IPUpy is a poorly executed but totally serious implementation of a joke idea, porting a full python interpreter (including the parser and byte-code compiler) to run entirely in the SRAM (the on-chip "cache") of a single core inside the Colossus IPU. The IPU (Mk2) has 1,472 such cores per chip, allowing for highly parallelised (not just concurrent) multiprocessing in familiar python.
*This is a silly experiment, not a product developed or supported by Graphcore. Using it in anger is a very bad idea.*
The Poplar SDK provided by Graphcore includes a robust general-purpose C++ compiler called popc that can target the IPU. Even though it is intended for specialised AI compute programs, it happily gobbled up the ~60,000 lines of embedded MicroPython source code I cloned off GitHub one weekend and spat out an on-chip python interpreter.
This project demonstrates the truly MIMD (Multiple Instruction Multiple Data) nature of the IPU, in contrast to other AI accelerators such as GPUs and TPUs that vectorise operations to achieve throughput and therefore struggle with dynamic and divergent program flows.
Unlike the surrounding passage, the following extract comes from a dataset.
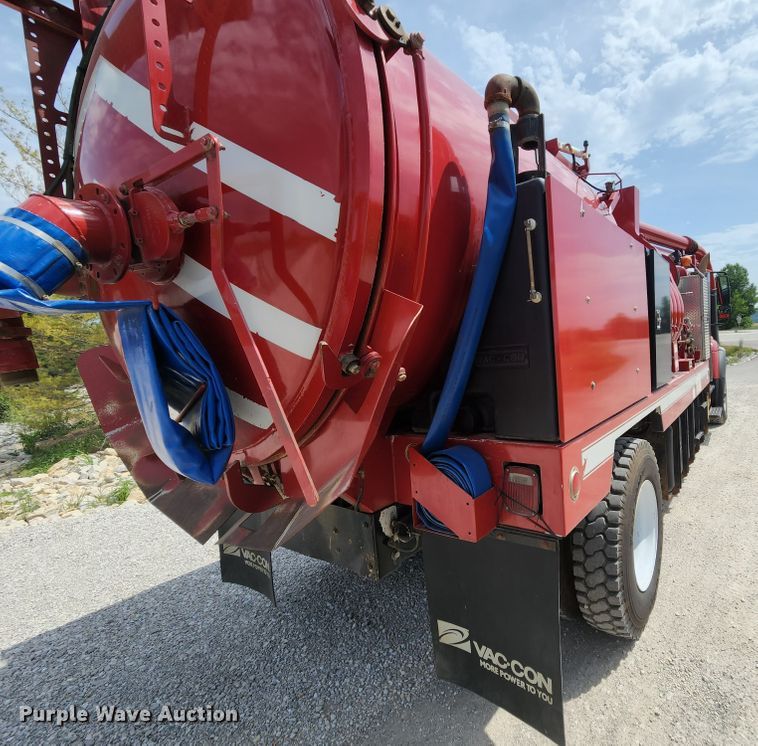 image for item MK9000 2007 International 7400  sewer jetter truck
Since the interpreter and python 'heap' fit entirely in the 608Kb of SRAM allocated to each IPU core, it also maintains maximum throughput despite uncoalesced memory accesses and indirection. In short, this project does nothing to dispel the notion that an IPU is just 1,472 small CPUs glued together on a crazy fast exchange fabric, able to run just fine completely independently as well in the cycle-perfect unison that is normally exploited for AI workloads.
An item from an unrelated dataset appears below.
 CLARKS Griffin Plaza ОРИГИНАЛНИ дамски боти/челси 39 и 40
libIPUpy exports an API to launch and use a python interpreter on the tile, after that it's up to us to decide how we want to use it.
The examples/ directory contains a toy program that launches 1472 interactive python REPLs (one on every IPU core) which you can play with on the command-line. Each character typed is sent to every interpreter, and their responses are deduplicated and printed to the terminal with multiplicity. This is the easiest way to parallelise your interactive python sessions!
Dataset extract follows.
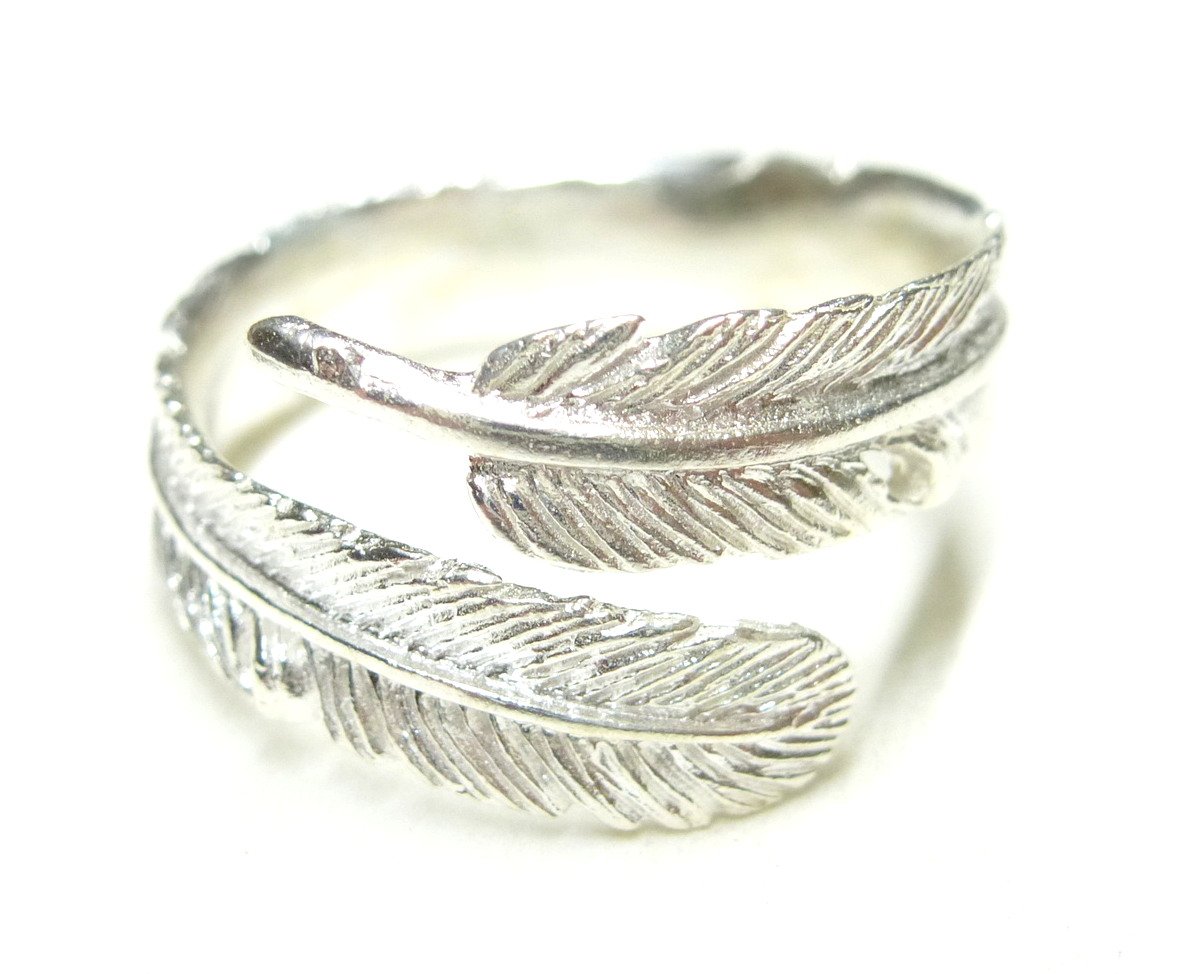 Open band ring, Soul feather motif, Native American jewellery made of sterling silver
From the project root, build libIPUpy and the examples with:
make -C libIPUpy
make -C examplesFrom the examples directory, run multirepl:
Each interpreter is given a unique python int called __tileid. Additionally, if you pass a file name as a cmdline argument to multirepl, the file will be read and divided up equally between tiles, accessible in each interpreter as a string variable __tiledata. This allows interactive parallel processing of the a file's contents, e.g., the linux built-in dictionary of words:
If you happen to have access to more IPUs in a single machine, you can increase NUMIPUS in multirepl_params.h and it will parallelise across as many chips as you want. Below is a screenshot of 47 thousand python interpreters muxed together into a single repl, one on every tile across 32 IPUs :D. This has high compile time, but zero noticeable latency at run time.
Changing the following parameters in mutlirepl_params.h (and cleaning and recompiling the examples directory) will set up the multirepl with a simple all-to-all data exchange primitive.
#define COMMS (true)
#define NUMTILES (100)
#define COMMSBUFSIZE (64)Now, the python function alltoall takes any python object as an input (as long as it can be repr'd into 64 bytes :D) , serialises it and broadcasts to all other interpreters. It returns a list of all the received objects.
We can use this primitive to define an easy parallel algorithm.
Be warned! This example is beginning to stretch this hacky POC codebase, which is why I've turned the number of tiles down to 100. You might notice you can only execute alltoall a finite number of times before some horrible memory corruption bug locks up the application and eventually kills it. Oh well.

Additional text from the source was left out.